* [Try it]: Nothing but the lines from the first line of the records through the line with "Hello. Welcome to" should be output, exactly as written and free of pictures.

* [Records for this exercise]:
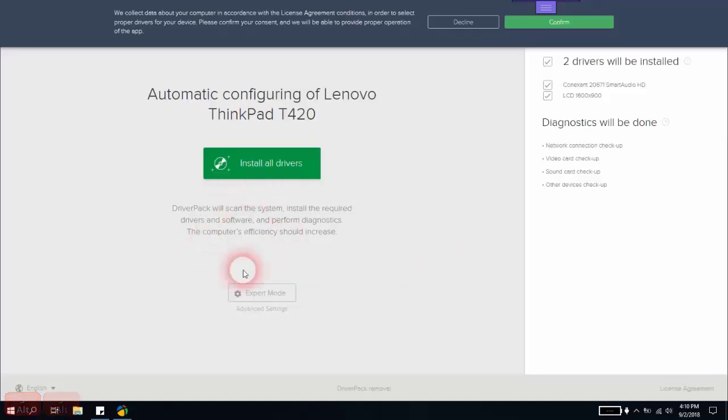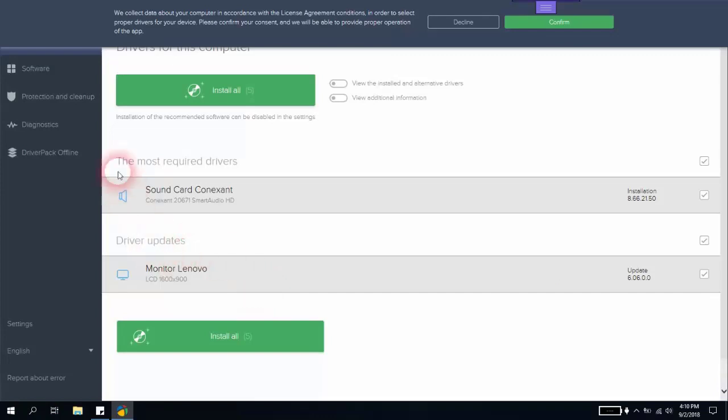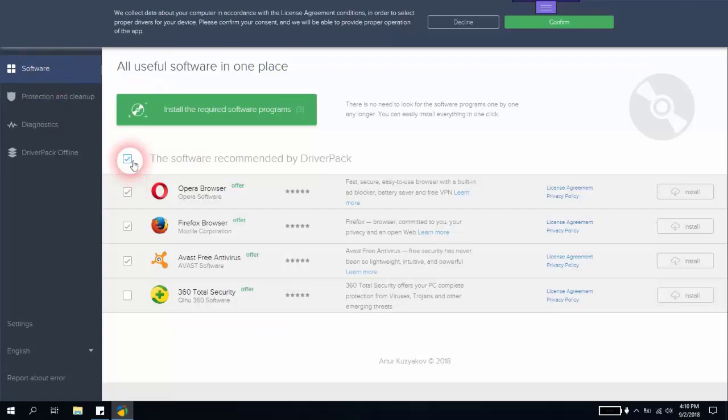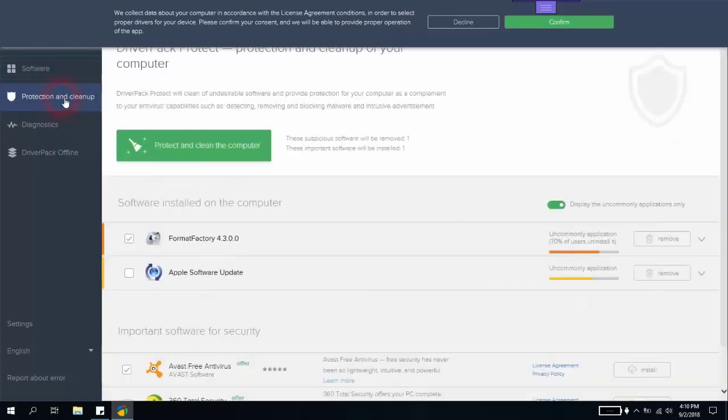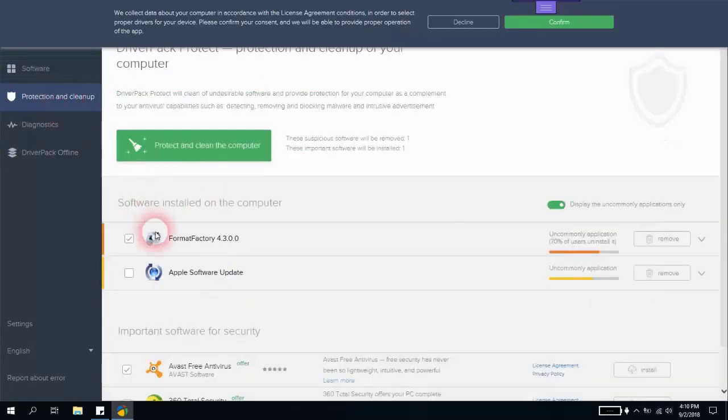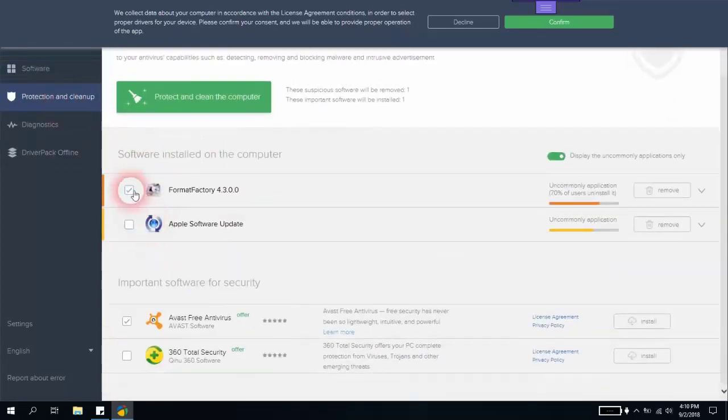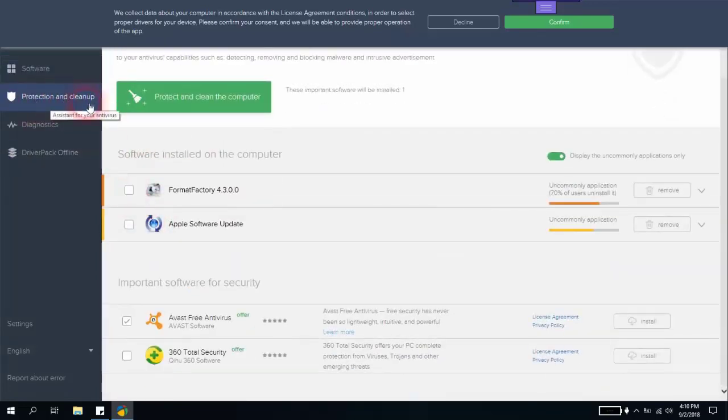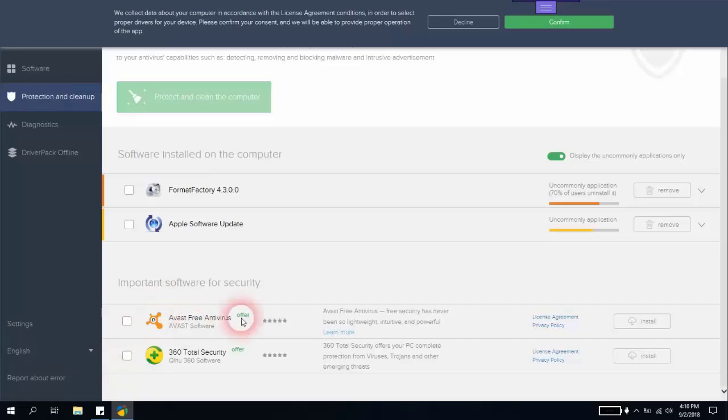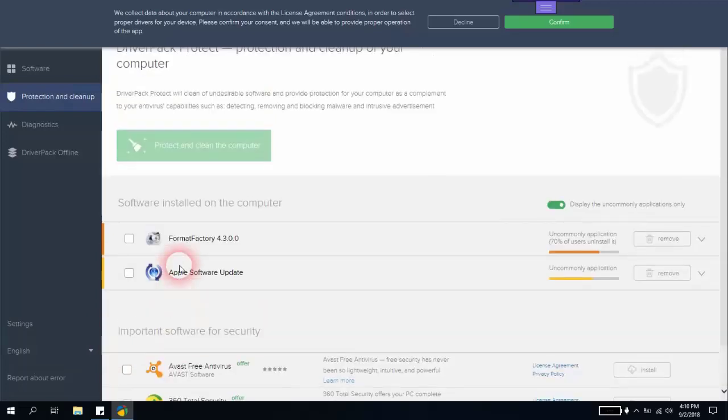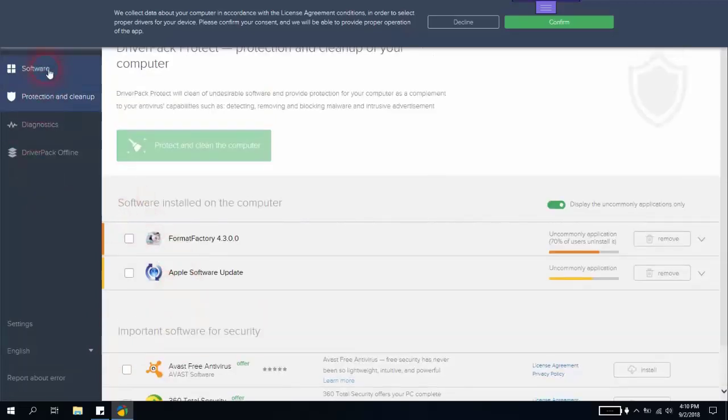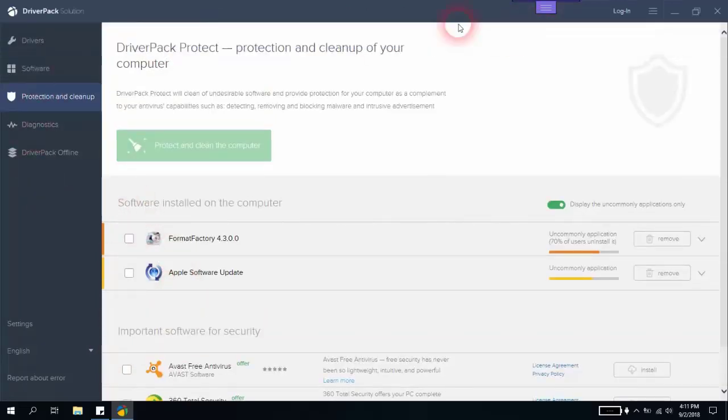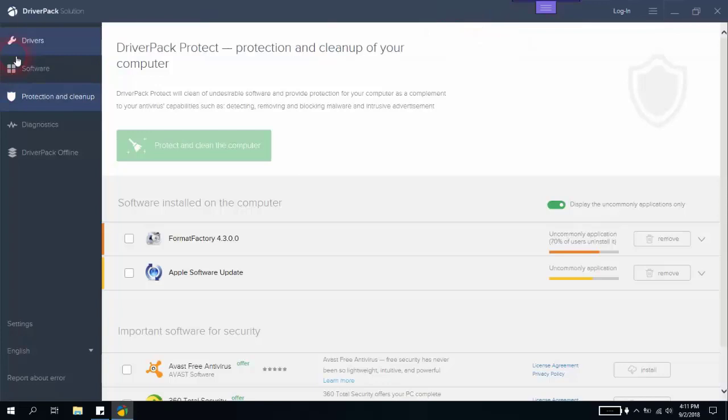Within the software, you will go to Expert Mode. From here, before installing all drivers, I will go to Software and uncheck all of the softwares because I don't need them to be installed. The system will try to install them automatically for me. I will make sure to uncheck Protection and Cleanup so that the software doesn't uninstall any application. I will also uncheck this one to not be installed. Then I will go back, confirm, and go back to Drivers.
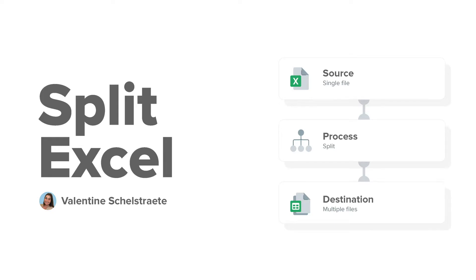Hi everyone and welcome to Sheetgo's YouTube channel. In this video I will show you how to split an Excel file into multiple files using Sheetgo.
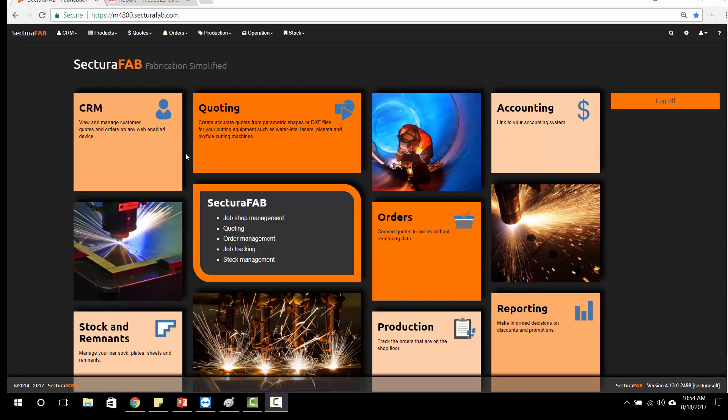Good afternoon. On today's Sectura Soft Seconds, I'm going to run us through our nesting algorithm and sheet utilization optimization tool inside of Sectura Fab.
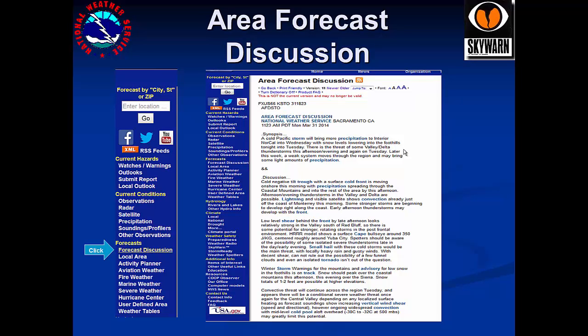Another way you can get information is our area forecast discussion, which gives more details. Click on forecast discussion on the blue bar on the left of the screen. The synopsis at the top gives the main concerns over the next week. The discussions below give more detailed thoughts by the forecasters, including timing, confidence, and various impacts.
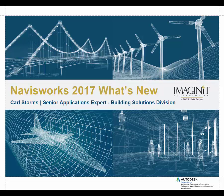Hello. Welcome to Navisworks 2017 What's New. My name is Carl Storm, Senior Application Expert from Imaginit Technologies.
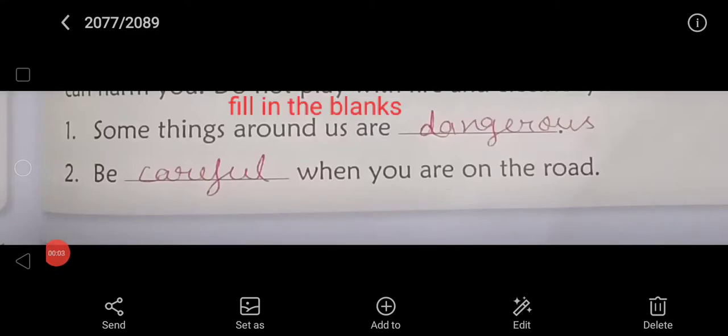Good morning children. Today you will write the fill in the blanks. So take your pencil and write the heading: Fill in the Blanks. Mention the number one.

* [Result for this exercise]:
Within the software, you will go to Expert Mode. From here, before installing all drivers, I will go to Software and uncheck all of the softwares because I don't need them to be installed. The system will try to install them automatically for me. I will make sure to uncheck Protection and Cleanup so that the software doesn't uninstall any application. I will also uncheck this one to not be installed. Then I will go back, confirm, and go back to Drivers.
Hi everyone and welcome to Sheetgo's YouTube channel. In this video I will show you how to split an Excel file into multiple files using Sheetgo.
Good afternoon. On today's Sectura Soft Seconds, I'm going to run us through our nesting algorithm and sheet utilization optimization tool inside of Sectura Fab.
Another way you can get information is our area forecast discussion, which gives more details. Click on forecast discussion on the blue bar on the left of the screen. The synopsis at the top gives the main concerns over the next week. The discussions below give more detailed thoughts by the forecasters, including timing, confidence, and various impacts.
Hello. Welcome to Navisworks 2017 What's New. My name is Carl Storm, Senior Application Expert from Imaginit Technologies.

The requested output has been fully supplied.